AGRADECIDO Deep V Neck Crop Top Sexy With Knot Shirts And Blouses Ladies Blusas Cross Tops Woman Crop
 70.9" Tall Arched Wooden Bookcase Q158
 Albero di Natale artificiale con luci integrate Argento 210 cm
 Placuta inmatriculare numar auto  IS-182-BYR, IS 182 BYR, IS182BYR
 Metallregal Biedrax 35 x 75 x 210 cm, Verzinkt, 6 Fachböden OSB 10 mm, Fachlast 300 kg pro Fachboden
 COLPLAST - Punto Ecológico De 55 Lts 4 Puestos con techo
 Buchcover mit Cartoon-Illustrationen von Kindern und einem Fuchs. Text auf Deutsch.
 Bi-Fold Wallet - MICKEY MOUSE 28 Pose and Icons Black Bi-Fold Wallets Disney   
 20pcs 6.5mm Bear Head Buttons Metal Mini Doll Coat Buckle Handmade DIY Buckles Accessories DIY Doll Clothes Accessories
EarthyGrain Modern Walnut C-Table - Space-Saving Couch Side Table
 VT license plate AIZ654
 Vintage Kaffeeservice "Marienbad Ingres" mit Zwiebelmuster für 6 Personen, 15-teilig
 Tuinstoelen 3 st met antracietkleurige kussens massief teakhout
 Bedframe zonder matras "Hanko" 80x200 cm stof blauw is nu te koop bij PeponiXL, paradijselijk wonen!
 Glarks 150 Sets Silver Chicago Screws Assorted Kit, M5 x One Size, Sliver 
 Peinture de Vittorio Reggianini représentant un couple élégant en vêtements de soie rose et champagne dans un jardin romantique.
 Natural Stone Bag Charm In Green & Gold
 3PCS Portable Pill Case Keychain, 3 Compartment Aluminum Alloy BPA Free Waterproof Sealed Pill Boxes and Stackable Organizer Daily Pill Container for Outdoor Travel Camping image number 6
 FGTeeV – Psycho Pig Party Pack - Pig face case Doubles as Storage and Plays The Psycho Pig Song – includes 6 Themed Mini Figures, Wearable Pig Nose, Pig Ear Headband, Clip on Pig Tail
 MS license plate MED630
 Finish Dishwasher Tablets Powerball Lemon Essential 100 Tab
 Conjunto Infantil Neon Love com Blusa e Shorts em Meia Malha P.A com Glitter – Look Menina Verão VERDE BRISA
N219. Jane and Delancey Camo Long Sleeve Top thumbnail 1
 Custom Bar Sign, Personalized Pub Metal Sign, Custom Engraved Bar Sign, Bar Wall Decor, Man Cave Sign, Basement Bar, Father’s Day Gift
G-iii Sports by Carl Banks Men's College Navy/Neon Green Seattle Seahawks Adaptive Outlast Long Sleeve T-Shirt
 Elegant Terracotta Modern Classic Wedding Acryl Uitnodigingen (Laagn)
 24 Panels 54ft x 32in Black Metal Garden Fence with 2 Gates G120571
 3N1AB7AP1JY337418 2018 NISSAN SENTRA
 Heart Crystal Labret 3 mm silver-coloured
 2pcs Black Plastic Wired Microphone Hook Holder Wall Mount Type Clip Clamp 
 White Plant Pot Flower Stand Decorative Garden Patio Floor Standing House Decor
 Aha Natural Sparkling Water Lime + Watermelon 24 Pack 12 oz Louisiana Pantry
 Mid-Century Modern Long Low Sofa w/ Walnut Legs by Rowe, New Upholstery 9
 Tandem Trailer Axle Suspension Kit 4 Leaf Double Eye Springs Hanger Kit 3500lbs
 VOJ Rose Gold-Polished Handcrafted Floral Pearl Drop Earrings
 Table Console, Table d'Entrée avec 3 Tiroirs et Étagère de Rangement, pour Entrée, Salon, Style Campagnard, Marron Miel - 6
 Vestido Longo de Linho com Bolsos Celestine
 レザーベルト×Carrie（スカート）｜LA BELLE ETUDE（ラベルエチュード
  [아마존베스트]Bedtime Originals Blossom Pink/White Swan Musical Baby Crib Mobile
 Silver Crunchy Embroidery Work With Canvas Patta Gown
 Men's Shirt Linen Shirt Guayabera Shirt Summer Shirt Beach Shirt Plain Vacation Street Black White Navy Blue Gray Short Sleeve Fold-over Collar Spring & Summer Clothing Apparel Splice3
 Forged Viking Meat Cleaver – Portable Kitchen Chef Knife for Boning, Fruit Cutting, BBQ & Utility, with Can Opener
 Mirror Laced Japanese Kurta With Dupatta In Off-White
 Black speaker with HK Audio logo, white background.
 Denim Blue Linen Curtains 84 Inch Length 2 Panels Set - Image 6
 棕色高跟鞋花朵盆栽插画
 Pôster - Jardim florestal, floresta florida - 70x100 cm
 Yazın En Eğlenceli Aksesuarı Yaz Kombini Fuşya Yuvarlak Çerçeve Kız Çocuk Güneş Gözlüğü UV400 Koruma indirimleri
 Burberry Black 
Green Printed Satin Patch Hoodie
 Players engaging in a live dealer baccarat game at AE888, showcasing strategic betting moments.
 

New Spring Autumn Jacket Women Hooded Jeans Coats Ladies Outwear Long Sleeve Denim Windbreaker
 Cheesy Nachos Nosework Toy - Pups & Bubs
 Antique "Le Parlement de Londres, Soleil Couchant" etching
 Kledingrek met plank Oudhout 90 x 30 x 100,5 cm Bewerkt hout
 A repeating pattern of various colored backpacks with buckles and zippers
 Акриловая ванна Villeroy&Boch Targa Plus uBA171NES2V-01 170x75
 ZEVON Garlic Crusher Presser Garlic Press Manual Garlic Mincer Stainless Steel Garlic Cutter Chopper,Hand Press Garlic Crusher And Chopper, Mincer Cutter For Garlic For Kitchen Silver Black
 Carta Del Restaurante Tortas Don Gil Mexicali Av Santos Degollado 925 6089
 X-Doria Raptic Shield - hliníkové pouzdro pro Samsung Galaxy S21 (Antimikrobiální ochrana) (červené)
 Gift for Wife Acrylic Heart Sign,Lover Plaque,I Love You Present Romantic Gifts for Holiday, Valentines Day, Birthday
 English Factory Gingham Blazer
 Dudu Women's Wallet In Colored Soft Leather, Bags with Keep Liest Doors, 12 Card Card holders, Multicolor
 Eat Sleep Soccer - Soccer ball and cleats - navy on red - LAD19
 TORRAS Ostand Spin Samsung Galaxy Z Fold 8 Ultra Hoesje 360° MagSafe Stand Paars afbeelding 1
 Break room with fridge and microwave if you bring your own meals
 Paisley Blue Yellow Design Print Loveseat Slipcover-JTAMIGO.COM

▸ **WHAT YOU ARE ASKED TO DO**: Print exactly, and only, the lines beginning at the top of the listing and ending at the line with "Tuinstoelen 3 st".

▸ **ANSWER SECTION**:
AGRADECIDO Deep V Neck Crop Top Sexy With Knot Shirts And Blouses Ladies Blusas Cross Tops Woman Crop
 70.9" Tall Arched Wooden Bookcase Q158
 Albero di Natale artificiale con luci integrate Argento 210 cm
 Placuta inmatriculare numar auto  IS-182-BYR, IS 182 BYR, IS182BYR
 Metallregal Biedrax 35 x 75 x 210 cm, Verzinkt, 6 Fachböden OSB 10 mm, Fachlast 300 kg pro Fachboden
 COLPLAST - Punto Ecológico De 55 Lts 4 Puestos con techo
 Buchcover mit Cartoon-Illustrationen von Kindern und einem Fuchs. Text auf Deutsch.
 Bi-Fold Wallet - MICKEY MOUSE 28 Pose and Icons Black Bi-Fold Wallets Disney   
 20pcs 6.5mm Bear Head Buttons Metal Mini Doll Coat Buckle Handmade DIY Buckles Accessories DIY Doll Clothes Accessories
EarthyGrain Modern Walnut C-Table - Space-Saving Couch Side Table
 VT license plate AIZ654
 Vintage Kaffeeservice "Marienbad Ingres" mit Zwiebelmuster für 6 Personen, 15-teilig
 Tuinstoelen 3 st met antracietkleurige kussens massief teakhout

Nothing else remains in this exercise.